Health · Scamdemic · Technology

Vaxx Scepticism is Going Mainstream

I have written quite a bit about the vaxx, here and on my other blog. While I have been a very early critic of the vaxx, based on a fundamental and well-justified skepticism towards anything our hostile elites push on us, today there are seemingly very few public supporters of the vaxx left. Even the mainstream media sometimes acknowledges that vaxx injuries are real. Of course, the defense is that nobody could have known better, but even this defense does not hold, considering that there is overwhelming evidence of governments suppressing all credible alternative views, which eventually prevailed.

A while ago, I noticed a new phenomenon in my GMail spam folder: anti-vaxx spam emails. I no longer actively use this account because I distrust Big Tech, but I keep it dormant rather than closing it for safety reasons. Every few weeks I log in, primarily just to wipe the spam folder. For some reason, Google is pretty poor at suppressing spam. One such message promised a way to undo vaxx injuries. This is of course not possible, but that is not the point as spam emails are based on there being at least a few gullible recipients.

The fake German Emil Schneider wants to fleece gullible vaxx victims.

There is only spam because it is apparently a viable way of making some money. Spammers send out millions of mails, which costs virtually nothing, and if they only find a dozen or so victims, the effort is probably already worth it for them. From there being spam messages that target vaxx victims, it follows that there a enough people out there waiting to be scammed. This is not a logical inference, of course, but instead a practical observation. These spammers also need to pick their battles and it seems that some of them have identified vaxx victims as a suitable target.

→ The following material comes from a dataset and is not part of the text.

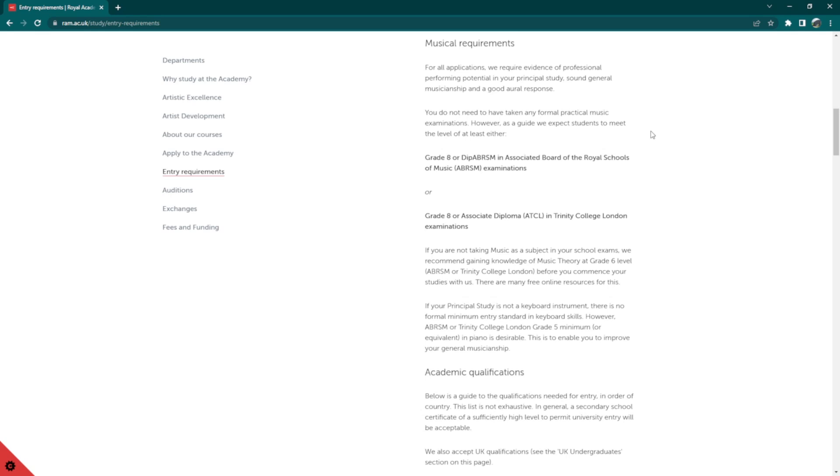However, it is expected that they meet either Grade 8 or DIP ABRSM in Associate Board of the Royal Schools of Music examinations, or Grade 8 or Associate Diploma in Trinity College London examinations. For students who are not taking music as a subject in school exams, it is recommended that you gain knowledge of music theory at the Grade 6 level in ABRSM or Trinity College London.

There is of course still more spam about penis pills and cheap Air Jordans. Yet, these are mainstream products. Similarly, vaxx injuries are a mass phenomenon, and they will be around for many decades. It is only consequential that spammers target this market as well, and the fact that they do so reveals that anti-vaxx sentiments, in addition to vaxx injuries, are far from being a niche phenomenon. Hardly anybody is lining up for a booster shot these days. Vaxx injuries are surely one case of this, and spammers want a piece of this market.